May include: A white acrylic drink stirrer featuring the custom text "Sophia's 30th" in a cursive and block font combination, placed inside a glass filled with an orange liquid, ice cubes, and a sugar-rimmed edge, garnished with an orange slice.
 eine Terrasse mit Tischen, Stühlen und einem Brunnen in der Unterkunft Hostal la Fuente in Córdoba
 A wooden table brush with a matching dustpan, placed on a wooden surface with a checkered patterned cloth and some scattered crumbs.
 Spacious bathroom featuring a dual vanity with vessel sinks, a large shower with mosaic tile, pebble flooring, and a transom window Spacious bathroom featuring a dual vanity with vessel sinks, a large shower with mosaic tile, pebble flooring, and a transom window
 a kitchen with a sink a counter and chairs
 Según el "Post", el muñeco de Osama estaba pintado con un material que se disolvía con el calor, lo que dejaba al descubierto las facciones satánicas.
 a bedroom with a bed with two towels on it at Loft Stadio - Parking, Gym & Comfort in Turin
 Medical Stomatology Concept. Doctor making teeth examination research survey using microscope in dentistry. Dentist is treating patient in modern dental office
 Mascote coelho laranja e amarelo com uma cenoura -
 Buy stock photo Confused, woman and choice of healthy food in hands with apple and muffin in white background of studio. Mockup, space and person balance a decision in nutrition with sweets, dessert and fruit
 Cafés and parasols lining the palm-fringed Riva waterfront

WHAT THE TASK ASKS
Give back, exactly as written, the stretch from the line with "transom window Spacious" through the line with "a kitchen with a sink a counter and chairs", and no other lines from the records above.

YOUR RESPONSE
 Spacious bathroom featuring a dual vanity with vessel sinks, a large shower with mosaic tile, pebble flooring, and a transom window Spacious bathroom featuring a dual vanity with vessel sinks, a large shower with mosaic tile, pebble flooring, and a transom window
 a kitchen with a sink a counter and chairs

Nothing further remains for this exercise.